[Web page caption snippets]

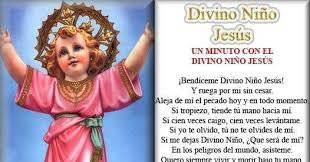 Blog Catolico De Oraciones Y Devociones Blog De Contenido Espiritual Catolico Oraciones Divino Nino Oracion Milagrosa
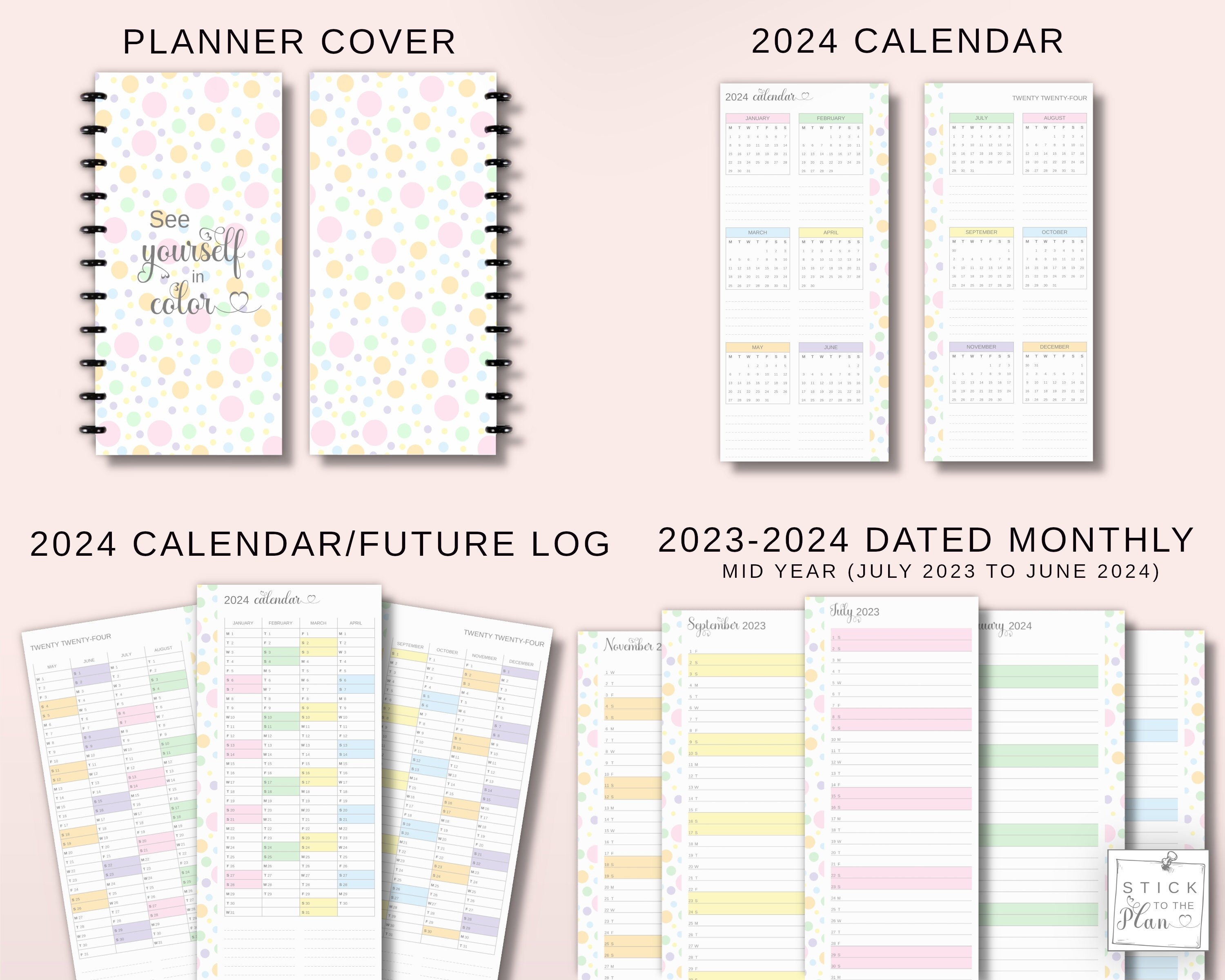 Skinny Classic Happy Planner Inserts, Printable HP Half Sheet Monthly ...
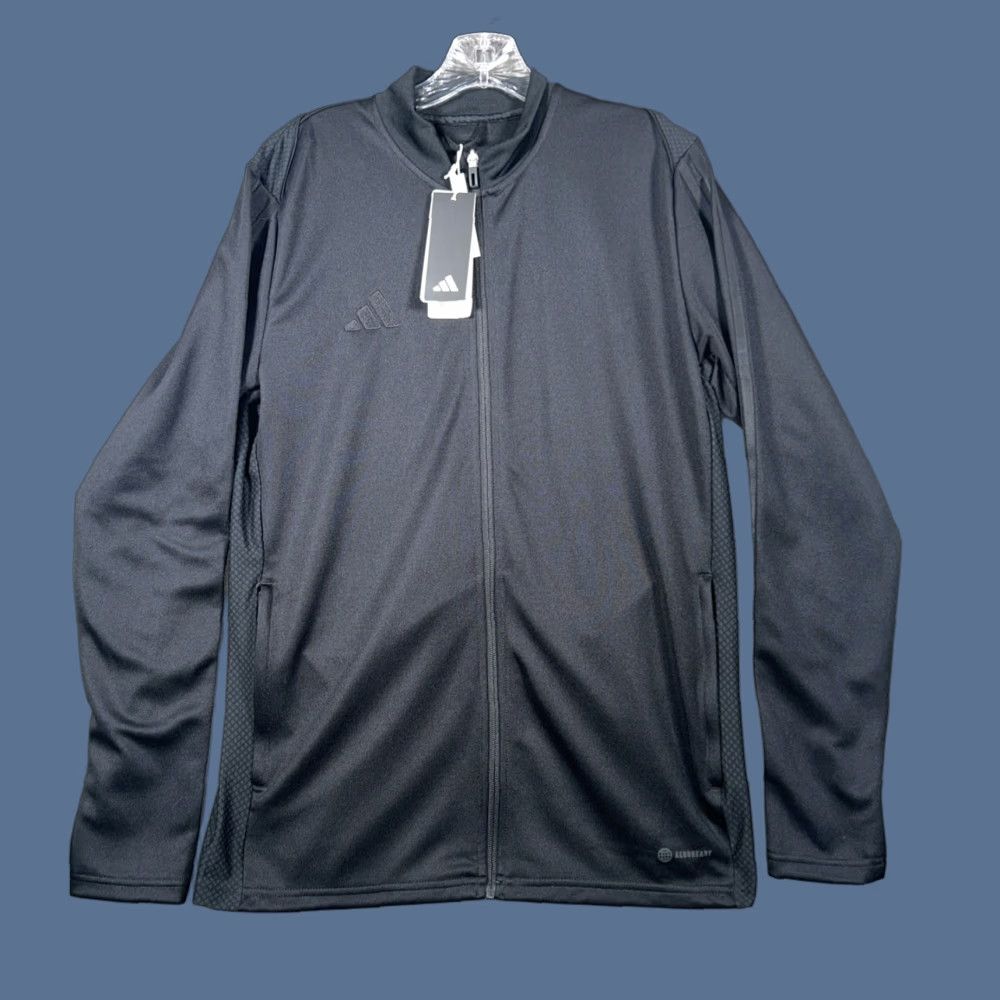 Adidas Adidas Track Jacket Aeroready Mens Medium Black Full Zip Pockets Long Sleeve Size US M / EU 48-50 / 2 - 1 Thumbnail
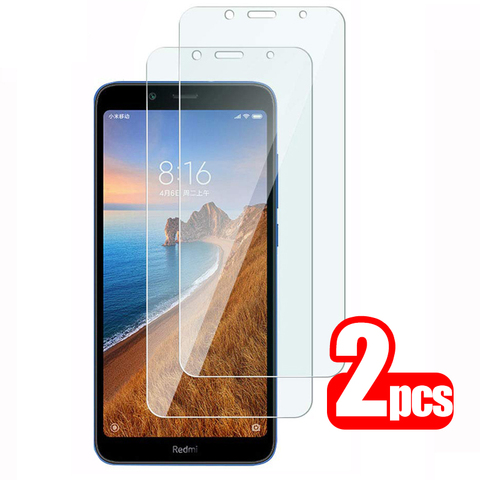 2 pièces verre de protection Redmi 7a protecteur d'écran pour Xiaomi Redmi7a sur Redmy Redme Note 9 Pro 9s 8 T 8A 9A 9C NFC 7 A 8 T 9 C Film ► Photo 1/6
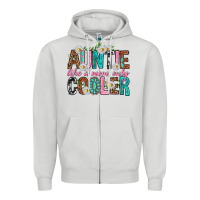 Dove Grey Auntie Like a Mom Only Cooler Zipper Hoodie - texasbilliewilder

== TASK ITEM ==
Give again, word for word, the lines above from the one with "2 pièces verre" through the final line of the data, both ends included. Do not copy any picture.

== YOUR SOLUTION ==
 2 pièces verre de protection Redmi 7a protecteur d'écran pour Xiaomi Redmi7a sur Redmy Redme Note 9 Pro 9s 8 T 8A 9A 9C NFC 7 A 8 T 9 C Film ► Photo 1/6
 Dove Grey Auntie Like a Mom Only Cooler Zipper Hoodie - texasbilliewilder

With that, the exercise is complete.